§ What you have to do
Would you output the entries below only from the line containing "Krzesło tapicerowane taupe" through the line containing "Family Cash Tv", exactly as they stand and with both ends included?

§ Provided entries
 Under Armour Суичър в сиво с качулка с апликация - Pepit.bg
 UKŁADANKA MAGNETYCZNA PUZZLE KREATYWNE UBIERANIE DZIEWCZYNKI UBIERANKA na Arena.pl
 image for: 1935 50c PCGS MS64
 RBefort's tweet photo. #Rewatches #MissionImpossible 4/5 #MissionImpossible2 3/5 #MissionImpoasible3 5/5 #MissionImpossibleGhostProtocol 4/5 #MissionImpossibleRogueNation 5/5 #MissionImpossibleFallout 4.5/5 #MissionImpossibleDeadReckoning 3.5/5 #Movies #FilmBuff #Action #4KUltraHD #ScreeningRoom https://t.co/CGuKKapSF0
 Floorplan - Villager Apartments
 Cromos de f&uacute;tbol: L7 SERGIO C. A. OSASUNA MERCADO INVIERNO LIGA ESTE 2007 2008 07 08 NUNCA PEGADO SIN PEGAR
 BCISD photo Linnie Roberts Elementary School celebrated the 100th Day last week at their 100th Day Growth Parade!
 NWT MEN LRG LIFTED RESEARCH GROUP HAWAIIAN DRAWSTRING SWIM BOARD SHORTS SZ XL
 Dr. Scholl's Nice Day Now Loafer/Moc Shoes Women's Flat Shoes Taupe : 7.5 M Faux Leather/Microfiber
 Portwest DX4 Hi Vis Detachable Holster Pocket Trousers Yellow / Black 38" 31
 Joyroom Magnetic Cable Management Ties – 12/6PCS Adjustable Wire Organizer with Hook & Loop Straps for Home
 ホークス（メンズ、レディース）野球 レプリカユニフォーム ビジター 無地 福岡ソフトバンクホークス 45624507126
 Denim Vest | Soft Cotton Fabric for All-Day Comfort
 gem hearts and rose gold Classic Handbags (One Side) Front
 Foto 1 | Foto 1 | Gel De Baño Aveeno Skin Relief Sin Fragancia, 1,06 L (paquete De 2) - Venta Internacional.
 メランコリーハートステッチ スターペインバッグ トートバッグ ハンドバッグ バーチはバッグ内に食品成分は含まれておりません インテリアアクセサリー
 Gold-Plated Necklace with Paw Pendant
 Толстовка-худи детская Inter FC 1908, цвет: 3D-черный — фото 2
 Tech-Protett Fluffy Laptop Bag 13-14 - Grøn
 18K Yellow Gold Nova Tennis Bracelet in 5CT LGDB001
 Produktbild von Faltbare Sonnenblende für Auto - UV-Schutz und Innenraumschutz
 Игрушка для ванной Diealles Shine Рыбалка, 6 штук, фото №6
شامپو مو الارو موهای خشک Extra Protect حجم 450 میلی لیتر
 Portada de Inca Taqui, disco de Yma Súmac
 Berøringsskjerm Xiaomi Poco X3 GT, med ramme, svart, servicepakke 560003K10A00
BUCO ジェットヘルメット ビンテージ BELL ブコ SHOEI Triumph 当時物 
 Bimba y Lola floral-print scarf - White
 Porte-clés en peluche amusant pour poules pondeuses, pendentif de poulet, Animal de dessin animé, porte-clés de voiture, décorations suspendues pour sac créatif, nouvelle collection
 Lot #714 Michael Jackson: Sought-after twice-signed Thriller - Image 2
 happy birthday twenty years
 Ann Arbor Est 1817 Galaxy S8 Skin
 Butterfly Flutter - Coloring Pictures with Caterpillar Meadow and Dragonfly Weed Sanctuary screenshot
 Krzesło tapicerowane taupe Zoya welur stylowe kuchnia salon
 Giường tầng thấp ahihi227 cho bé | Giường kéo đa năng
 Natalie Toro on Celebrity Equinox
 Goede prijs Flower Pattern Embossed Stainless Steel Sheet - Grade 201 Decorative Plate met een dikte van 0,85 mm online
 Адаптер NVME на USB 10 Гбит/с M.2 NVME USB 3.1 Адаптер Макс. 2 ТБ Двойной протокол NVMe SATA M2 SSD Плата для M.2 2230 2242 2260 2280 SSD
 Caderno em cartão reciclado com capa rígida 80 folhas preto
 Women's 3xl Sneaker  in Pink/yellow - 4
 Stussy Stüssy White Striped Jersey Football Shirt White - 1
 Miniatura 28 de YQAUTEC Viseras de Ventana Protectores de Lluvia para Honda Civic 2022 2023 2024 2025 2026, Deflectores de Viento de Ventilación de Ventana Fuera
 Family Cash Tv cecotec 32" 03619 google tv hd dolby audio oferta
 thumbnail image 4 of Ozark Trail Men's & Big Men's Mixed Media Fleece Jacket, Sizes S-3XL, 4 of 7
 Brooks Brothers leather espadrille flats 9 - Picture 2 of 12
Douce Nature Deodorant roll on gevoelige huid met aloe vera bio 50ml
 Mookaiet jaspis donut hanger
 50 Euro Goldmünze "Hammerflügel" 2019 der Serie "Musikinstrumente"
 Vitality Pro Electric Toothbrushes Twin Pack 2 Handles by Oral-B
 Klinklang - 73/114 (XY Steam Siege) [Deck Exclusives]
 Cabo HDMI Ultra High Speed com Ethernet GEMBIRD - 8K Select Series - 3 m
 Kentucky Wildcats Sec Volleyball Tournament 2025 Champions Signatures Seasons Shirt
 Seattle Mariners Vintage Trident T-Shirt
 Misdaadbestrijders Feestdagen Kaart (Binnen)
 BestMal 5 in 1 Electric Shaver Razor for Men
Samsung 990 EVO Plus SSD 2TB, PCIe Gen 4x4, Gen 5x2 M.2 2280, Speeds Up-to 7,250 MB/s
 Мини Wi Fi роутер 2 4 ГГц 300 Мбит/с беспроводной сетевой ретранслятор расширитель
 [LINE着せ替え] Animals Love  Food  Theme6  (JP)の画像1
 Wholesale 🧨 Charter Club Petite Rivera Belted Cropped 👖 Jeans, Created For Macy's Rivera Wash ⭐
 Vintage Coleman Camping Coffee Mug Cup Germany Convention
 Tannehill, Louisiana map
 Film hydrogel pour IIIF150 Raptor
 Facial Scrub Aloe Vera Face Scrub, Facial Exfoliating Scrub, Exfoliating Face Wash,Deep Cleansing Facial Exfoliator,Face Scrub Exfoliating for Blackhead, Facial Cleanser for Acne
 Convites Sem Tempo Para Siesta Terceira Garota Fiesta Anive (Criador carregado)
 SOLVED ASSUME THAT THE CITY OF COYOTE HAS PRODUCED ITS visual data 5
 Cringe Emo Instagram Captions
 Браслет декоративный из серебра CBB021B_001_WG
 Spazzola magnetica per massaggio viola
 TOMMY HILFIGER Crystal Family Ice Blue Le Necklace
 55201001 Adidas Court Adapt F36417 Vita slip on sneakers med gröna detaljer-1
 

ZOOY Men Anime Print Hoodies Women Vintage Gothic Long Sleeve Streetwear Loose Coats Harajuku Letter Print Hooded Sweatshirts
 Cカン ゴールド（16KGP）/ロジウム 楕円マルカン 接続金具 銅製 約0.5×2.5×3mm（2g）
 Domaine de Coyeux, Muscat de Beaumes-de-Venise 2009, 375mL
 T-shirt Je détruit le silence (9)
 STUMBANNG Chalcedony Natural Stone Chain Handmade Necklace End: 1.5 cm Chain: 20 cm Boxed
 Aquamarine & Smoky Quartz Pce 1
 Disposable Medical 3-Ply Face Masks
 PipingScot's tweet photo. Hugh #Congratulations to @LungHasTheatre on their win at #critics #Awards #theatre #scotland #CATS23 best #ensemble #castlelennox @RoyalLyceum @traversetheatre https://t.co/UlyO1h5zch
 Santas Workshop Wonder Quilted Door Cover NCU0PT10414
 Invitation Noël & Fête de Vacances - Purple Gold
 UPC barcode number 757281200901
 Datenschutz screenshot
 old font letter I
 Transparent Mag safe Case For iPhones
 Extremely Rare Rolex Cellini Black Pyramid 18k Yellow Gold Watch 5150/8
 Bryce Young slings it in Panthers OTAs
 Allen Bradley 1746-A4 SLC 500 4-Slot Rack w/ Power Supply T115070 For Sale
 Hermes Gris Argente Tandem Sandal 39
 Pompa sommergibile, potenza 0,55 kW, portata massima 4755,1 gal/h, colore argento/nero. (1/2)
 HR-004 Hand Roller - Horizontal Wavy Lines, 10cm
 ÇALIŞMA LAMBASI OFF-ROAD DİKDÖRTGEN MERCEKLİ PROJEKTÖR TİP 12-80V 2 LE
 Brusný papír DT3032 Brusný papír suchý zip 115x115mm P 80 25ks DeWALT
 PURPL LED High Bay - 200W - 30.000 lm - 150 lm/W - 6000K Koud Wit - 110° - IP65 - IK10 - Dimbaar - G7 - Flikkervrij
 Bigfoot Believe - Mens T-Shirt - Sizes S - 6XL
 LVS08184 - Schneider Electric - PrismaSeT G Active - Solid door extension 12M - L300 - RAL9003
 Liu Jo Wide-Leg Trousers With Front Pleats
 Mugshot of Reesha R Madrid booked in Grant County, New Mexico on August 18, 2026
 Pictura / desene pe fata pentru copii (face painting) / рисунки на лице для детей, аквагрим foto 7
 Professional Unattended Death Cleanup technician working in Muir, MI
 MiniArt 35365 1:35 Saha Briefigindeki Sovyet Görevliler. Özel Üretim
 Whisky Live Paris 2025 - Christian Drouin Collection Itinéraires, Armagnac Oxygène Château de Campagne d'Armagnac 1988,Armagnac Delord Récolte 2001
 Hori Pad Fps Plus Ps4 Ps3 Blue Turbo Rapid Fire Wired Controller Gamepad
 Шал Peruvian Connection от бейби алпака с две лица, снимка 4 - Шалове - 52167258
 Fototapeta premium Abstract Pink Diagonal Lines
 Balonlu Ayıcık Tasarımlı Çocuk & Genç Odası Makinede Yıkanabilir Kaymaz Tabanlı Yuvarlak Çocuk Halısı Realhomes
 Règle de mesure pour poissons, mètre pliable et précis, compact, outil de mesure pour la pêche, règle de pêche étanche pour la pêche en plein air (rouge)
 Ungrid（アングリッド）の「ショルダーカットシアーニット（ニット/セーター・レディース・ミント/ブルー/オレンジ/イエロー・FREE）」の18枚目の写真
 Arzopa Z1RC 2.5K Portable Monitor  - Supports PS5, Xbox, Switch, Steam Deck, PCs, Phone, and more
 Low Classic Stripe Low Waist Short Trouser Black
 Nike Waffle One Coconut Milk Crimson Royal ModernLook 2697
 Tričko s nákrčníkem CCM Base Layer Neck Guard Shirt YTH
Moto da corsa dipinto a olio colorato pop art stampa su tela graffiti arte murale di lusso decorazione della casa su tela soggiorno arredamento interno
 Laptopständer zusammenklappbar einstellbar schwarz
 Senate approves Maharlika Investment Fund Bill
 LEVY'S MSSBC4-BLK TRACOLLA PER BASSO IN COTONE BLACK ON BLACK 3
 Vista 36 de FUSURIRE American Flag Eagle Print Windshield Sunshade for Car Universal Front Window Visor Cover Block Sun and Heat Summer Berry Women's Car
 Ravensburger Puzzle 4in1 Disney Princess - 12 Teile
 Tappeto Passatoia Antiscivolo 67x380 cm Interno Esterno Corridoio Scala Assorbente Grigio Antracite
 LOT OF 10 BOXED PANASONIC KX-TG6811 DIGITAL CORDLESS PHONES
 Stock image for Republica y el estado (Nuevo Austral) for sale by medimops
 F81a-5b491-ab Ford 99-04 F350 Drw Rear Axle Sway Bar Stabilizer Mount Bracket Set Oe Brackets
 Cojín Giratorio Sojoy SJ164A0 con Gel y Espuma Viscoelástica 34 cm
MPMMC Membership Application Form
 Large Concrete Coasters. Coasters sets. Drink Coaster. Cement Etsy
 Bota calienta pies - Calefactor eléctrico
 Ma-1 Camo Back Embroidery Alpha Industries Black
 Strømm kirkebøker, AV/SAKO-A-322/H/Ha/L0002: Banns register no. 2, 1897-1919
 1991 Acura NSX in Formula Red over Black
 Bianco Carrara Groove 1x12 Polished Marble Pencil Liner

§ Result for this exercise
 Krzesło tapicerowane taupe Zoya welur stylowe kuchnia salon
 Giường tầng thấp ahihi227 cho bé | Giường kéo đa năng
 Natalie Toro on Celebrity Equinox
 Goede prijs Flower Pattern Embossed Stainless Steel Sheet - Grade 201 Decorative Plate met een dikte van 0,85 mm online
 Адаптер NVME на USB 10 Гбит/с M.2 NVME USB 3.1 Адаптер Макс. 2 ТБ Двойной протокол NVMe SATA M2 SSD Плата для M.2 2230 2242 2260 2280 SSD
 Caderno em cartão reciclado com capa rígida 80 folhas preto
 Women's 3xl Sneaker  in Pink/yellow - 4
 Stussy Stüssy White Striped Jersey Football Shirt White - 1
 Miniatura 28 de YQAUTEC Viseras de Ventana Protectores de Lluvia para Honda Civic 2022 2023 2024 2025 2026, Deflectores de Viento de Ventilación de Ventana Fuera
 Family Cash Tv cecotec 32" 03619 google tv hd dolby audio oferta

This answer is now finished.